* _WHAT THE TASK ASKS_:
Restate the data exactly as given and keep the pictures out.
* * *
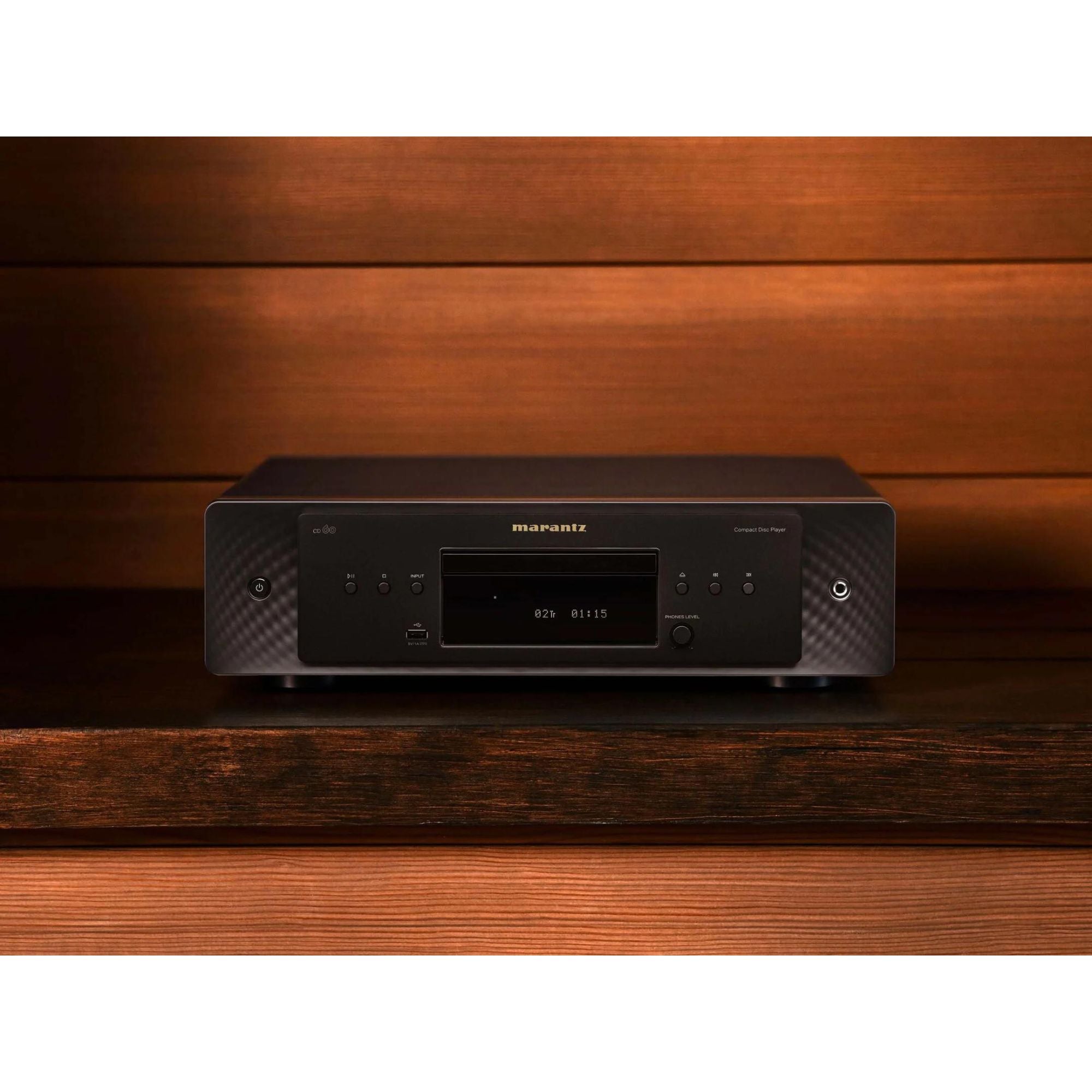 Marantz CD 60 - CD Player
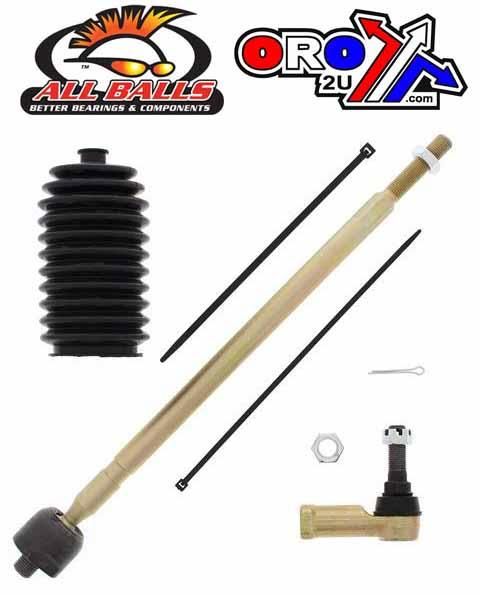 LEFT RACK & PINION REBUILD KIT, ALLBALLS 51-1046-L, Can-Am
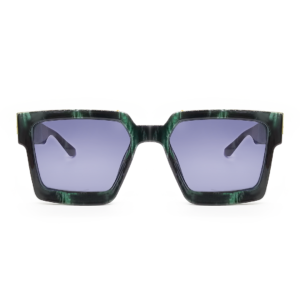 Square Frame Sunglasses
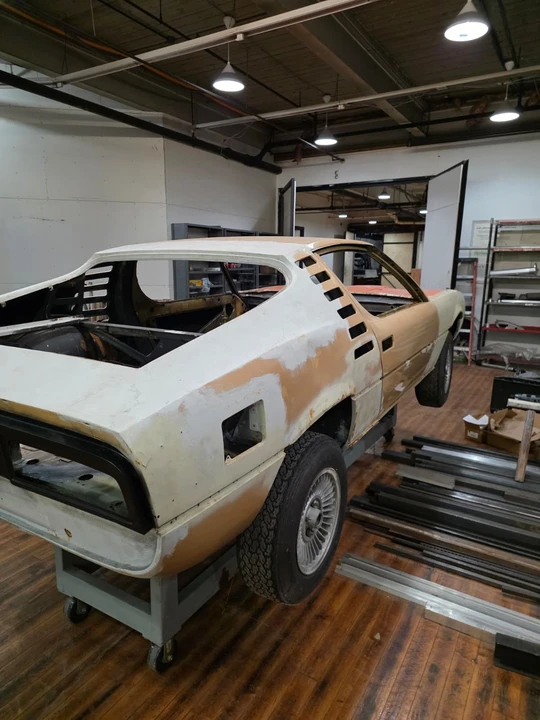 1971 Alfa Romeo Montreal - Image 21 of 31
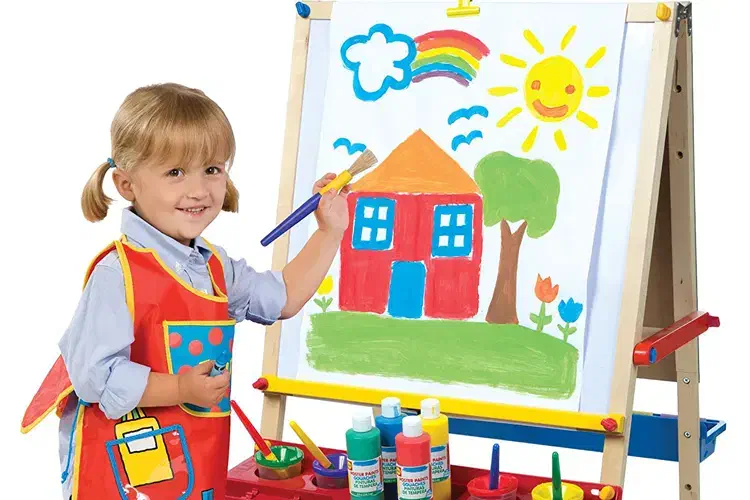 آموزش نقاشی، سیاه قلم|خدمات آموزشی|مشهد, بهاران|دیوار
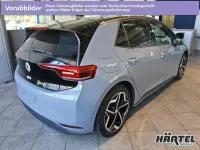 Gebraucht VW ID.3 Pro 150 kW (204 PS) 2023 Mondsteingrau (grey), solid Kleinwagen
* * *
* _OUTPUT BELOW_:
 Marantz CD 60 - CD Player
 LEFT RACK & PINION REBUILD KIT, ALLBALLS 51-1046-L, Can-Am
 Square Frame Sunglasses
 1971 Alfa Romeo Montreal - Image 21 of 31
 آموزش نقاشی، سیاه قلم|خدمات آموزشی|مشهد, بهاران|دیوار
 Gebraucht VW ID.3 Pro 150 kW (204 PS) 2023 Mondsteingrau (grey), solid Kleinwagen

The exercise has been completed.